Your goal: From the records that follow, return exactly the lines beginning at the one that contains "Fröhliche Frau, die" and ending at the one that contains "Ein gemütliches Zimmer", pictures left out.

(Records from a dataset)
┏━━

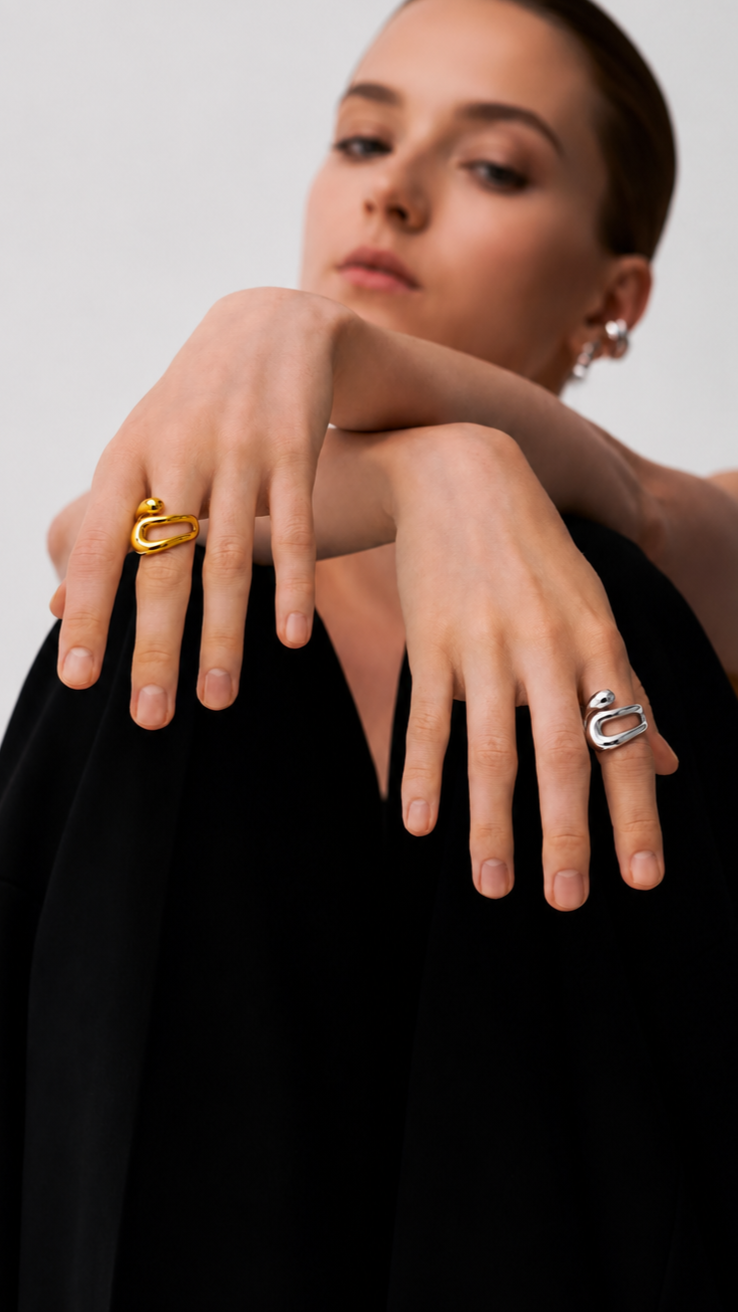 Modelo com anel dourado e anel prateado de design moderno em fotografia editorial de joalharia.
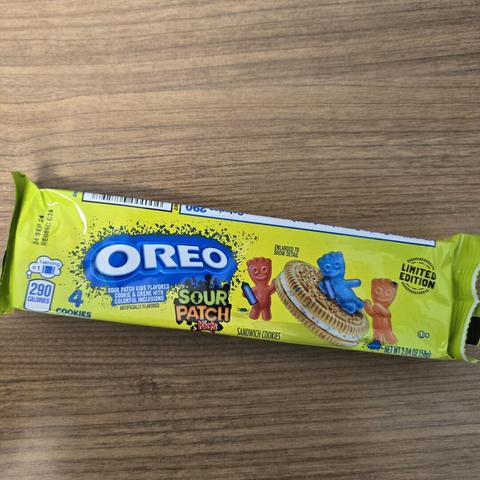 Photograph of a sleeve of a 4-pack of Oreos Sour Patch Kids flavored cookies on a wooden surface. The cover has the logos on the left and on the right is a vanilla wafer cookie with a white cream filling with colored speckles throughout. Around that are three Sour Patch Kid candies being naughty with cans of spray paint.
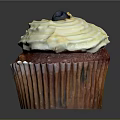 Delicious Red Cupcake With White Creamy Frosting Blueberry Topping And Textured Paper Liner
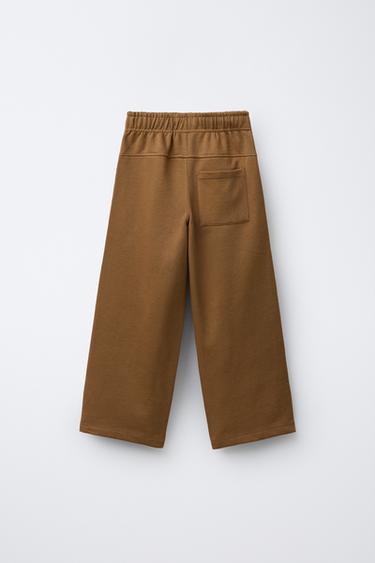 PANTALON EN MOLLETON STRAIGHT ÉTIQUETTE - Ocre de Zara - Image 1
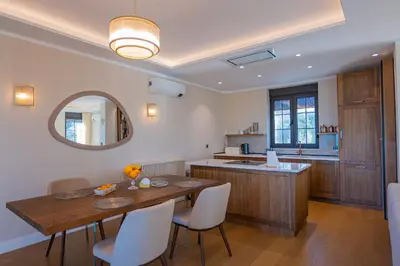 a kitchen and dining room with a table and chairs at Villa Seaside Shore in Budva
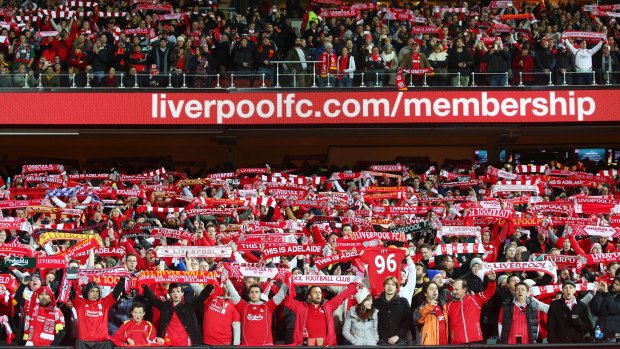 Liverpool fans sign <i>You'll Never Walk Alone</i> at Adelaide Oval.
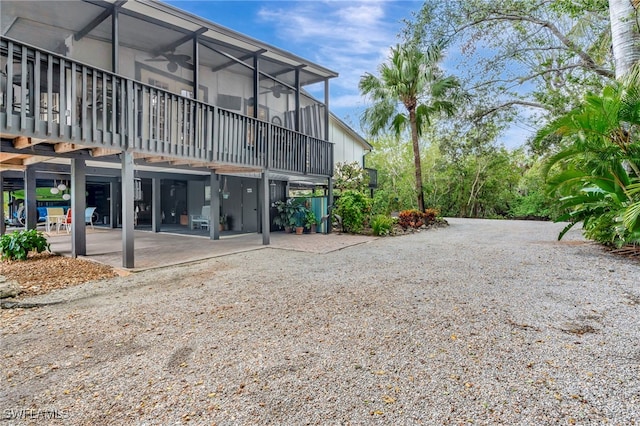 2511 Estey Ave Unit E4, Naples, FL 34104 - back of property featuring a patio area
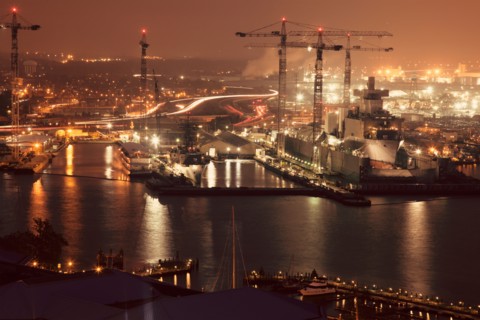 Cityscape with cranes at night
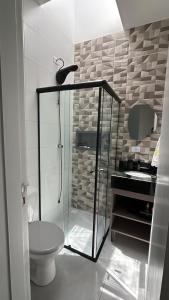 a bathroom with a glass shower and a toilet at Beach house in Matinhos in Matinhos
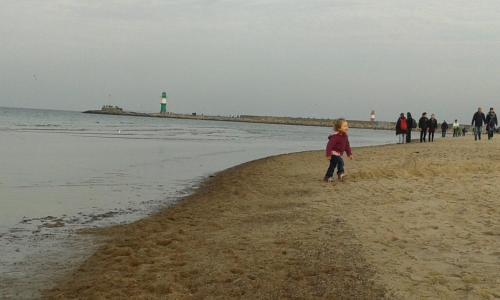 a young child walking on the beach with a lighthouse in the background at Haus Troja in Warnemünde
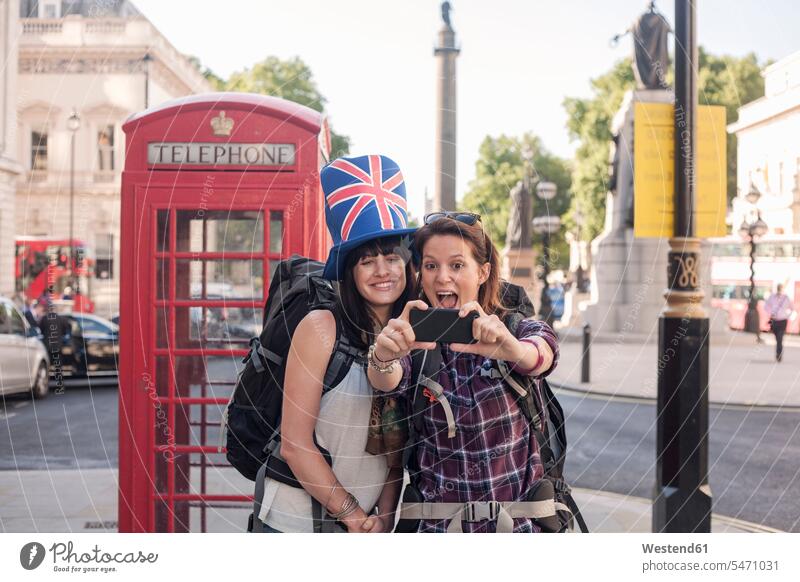 Fröhliche Frau, die ein Selfie mit einem Freund macht, der einen Hut mit britischer Flagge vor einer roten Telefonzelle in der Stadt trägt Farbaufnahme Farbe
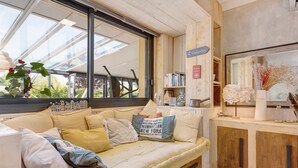 Ein gemütliches Zimmer mit großem Fenster, einer gepolsterten Bank, Holzschränken und einem Bücherregal.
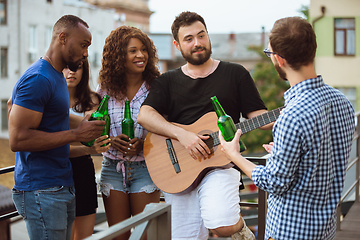 Image showing Group of happy friends having beer party in summer day. Resting together outdoor, celebrating and relaxing, laughting. Summer lifestyle, friendship concept.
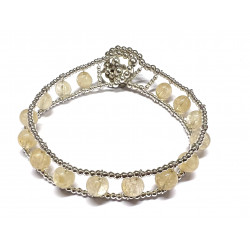 Pulsera con citrinos  engastados en hilo de acero y pequeñas cuentas de plata  - PULZ10D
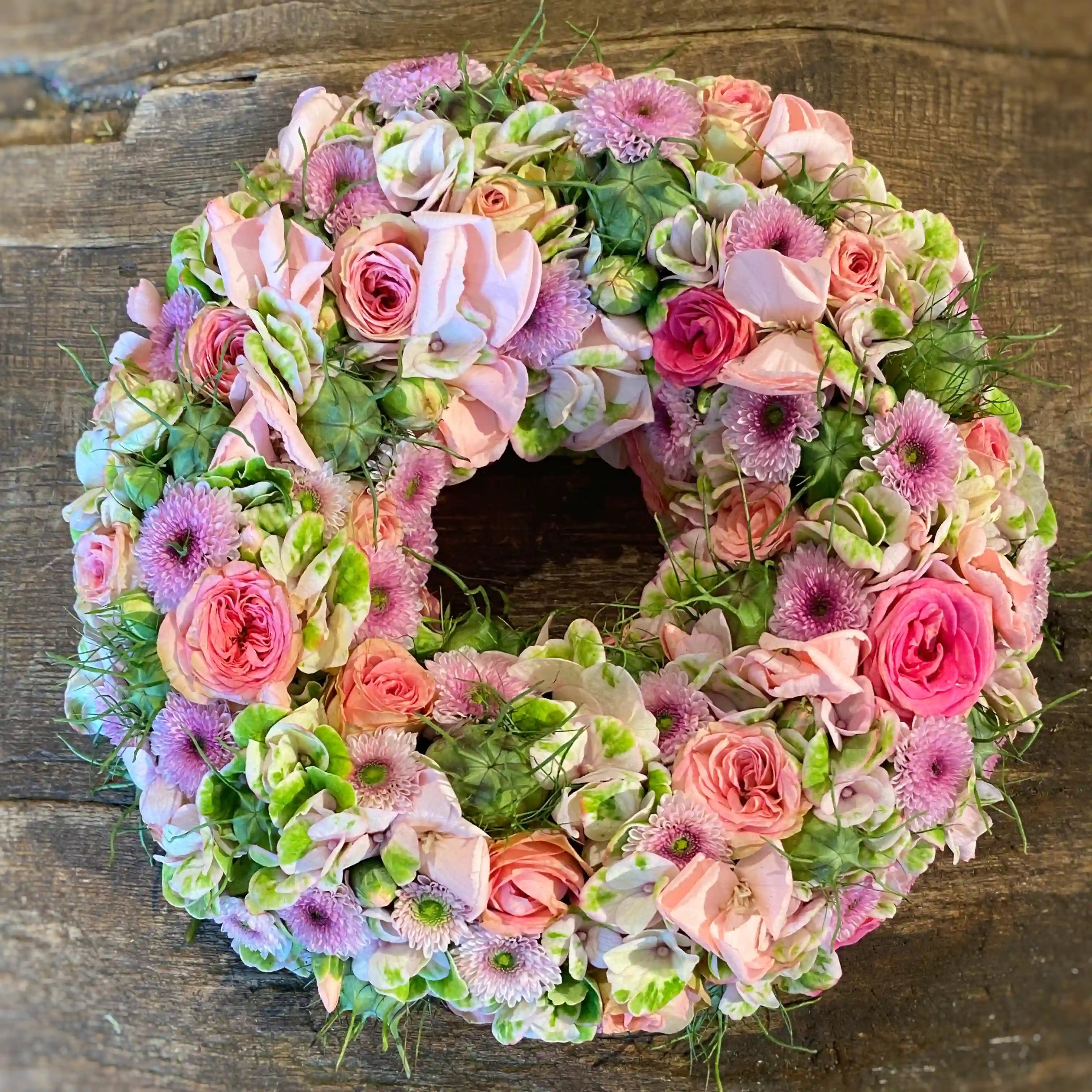 Kreisförmiger Blumenkranz mit dichter Blütenstruktur – florale Gestaltung mit zeitloser Anmutung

┗━━

Answer to this exercise:
 Fröhliche Frau, die ein Selfie mit einem Freund macht, der einen Hut mit britischer Flagge vor einer roten Telefonzelle in der Stadt trägt Farbaufnahme Farbe
 Ein gemütliches Zimmer mit großem Fenster, einer gepolsterten Bank, Holzschränken und einem Bücherregal.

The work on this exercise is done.